Aclaro –antes de que se me mal interprete–, que no me refiero a quienes las condiciones sociales imperantes en su adolescencia no les permitieron realizar sus sueños de obtener un título universitario; sino a los que no quisieron lograrlo, aun teniendo la oportunidad para ello y ahora exigen la reivindicación de una condición laboral que ellos mismos buscaron, porque resultaba más atractiva económicamente, en el momento en que ingresaron a la organización en la cual laboran. Menos aún, hoy en día, podría justificarse su estancamiento académico, cuando el gobierno está brindando tantas facilidades para mejorar.
Es tan cierta esta afirmación que en algunas empresas del estado, el obrero presume de su ingreso, ante el profesional universitario, resaltando el no haber requerido realizar tantos estudios para devengar una remuneración sustancialmente mayor. La situación se agrava cuando estas empresas le brindan al trabajador la posibilidad de realizar estudios superiores y al culminarlos, se niegan a ejercer en el área en la cual se han formado, alegando desmejoramiento en su remuneración. Se empeora en aquellas instituciones públicas en las cuales los contratos colectivos parecieran orientados de tal manera que, más que buscar el beneficio del obrero, trataran de perjudicar al profesional universitario.
Es innegable que en la mayoría de las empresas del estado están anclados, infiltrados, encubiertos y protegidos descaradamente por el enemigo interno, algunos profesionales universitarios que son adversos al gobierno y, mientras presumen de su apoyo irrestricto, se convierten en obstáculos insalvables para que su organización aplique las políticas establecidas por el ejecutivo central; pero, ni son todos los que están, ni todo el obrero que grita “patria, socialismo, o muerte”, es un incondicional del gobierno, ni posee méritos para sustituir a los primeros en los cargos directivos, o de confianza.

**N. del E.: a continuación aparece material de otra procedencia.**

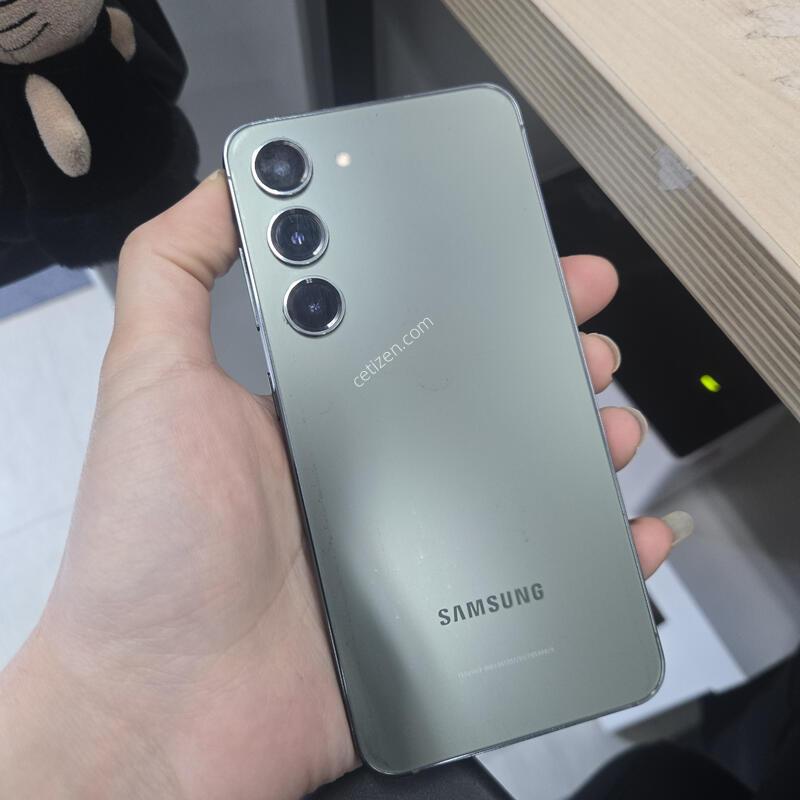 ������ s23 �׸� 256GB AA�� ����� ������
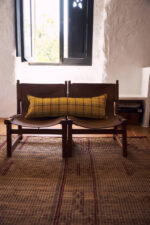 Jute rug mediterranean, 200x300cm - Afbeelding 3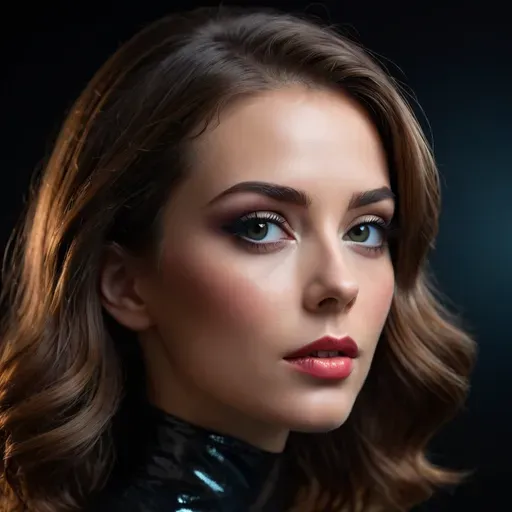 Generator obrazów pornograficznych z wykorzystaniem sztucznej inteligencji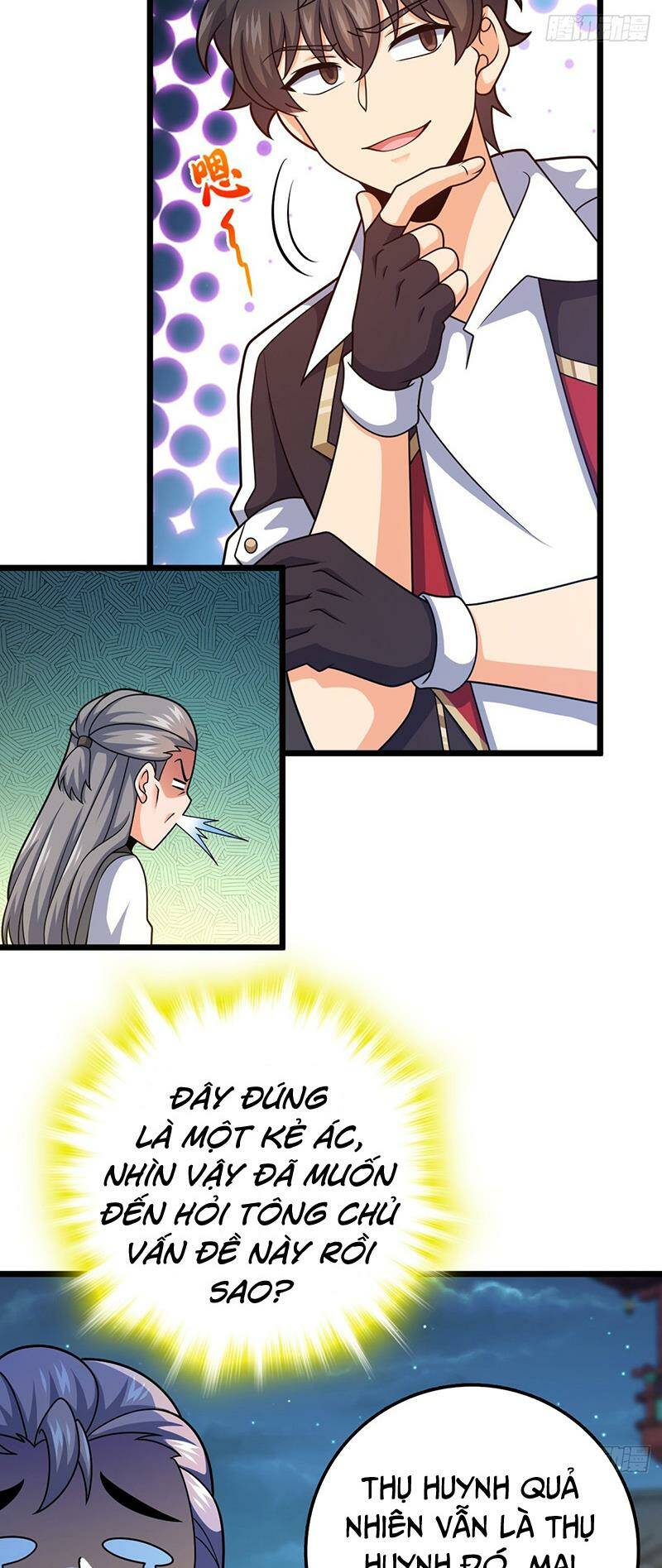 Đại Vương Tha Mạng Chapter 745 - Trang 2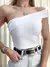 Cropped Feminino Nula Manga Clara ref;1056 (12345670018924151524) na internet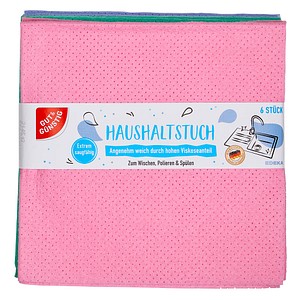 4311536940729 - 845834000 Reinigungstuch 37x38cm 4311536940729 HEAD 845834000 6 Stück 4311536940729 - 845834000 Reinigungstuch 37x38cm 4311536940729 HEAD 845834000 6 Stück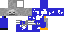 Texture for Dead soldier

¿Qué ocurriría en aquellas organizaciones públicas que fueran manejadas por quienes, además de no poseer la capacidad para ello, sienten ese profundo desprecio por quienes le superan académicamente? La garantía de enviar suficiente personal a cuanto acto público realice el gobierno, no es extensible al buen manejo gerencial de la organización; tampoco se puede presumir que al nacionalizarse una empresa, la eficiencia gerencial que ella pudiera tener se transfiera automáticamente a la nueva directiva. En muchos casos, es preferible contar con adversos eficaces, que con afectos incapaces.
Ya ha habido resultados contrarios a los ofrecidos, por quienes pretendieron la cogestión de las empresas públicas fundamentados en la falsa idea de que el enemigo interno era el profesional universitario, por ser el instrumento del patrono para la explotación del obrero; pero, ¿puede concebirse este absurdo, en una empresa de un estado socialista ?
Indiscutiblemente, en cualquier empresa pública, el patrono será siempre el gobierno, que designará sus representantes para que cumplan la función de servir al país, logrando el máximo de eficacia y evitando que la empresa colapse; además, en un estado socialista las leyes protegerán al trabajador, sin que éste requiera de representantes para ello.
Entre varios trabajadores que demuestren capacidad gerencial y fidelidad política, el de mayor formación académica se adecuará mejor al principio de “de cada quien según su capacidad”; entonces deberá justificar sus credenciales, o “morir gerencialmente, en el intento”.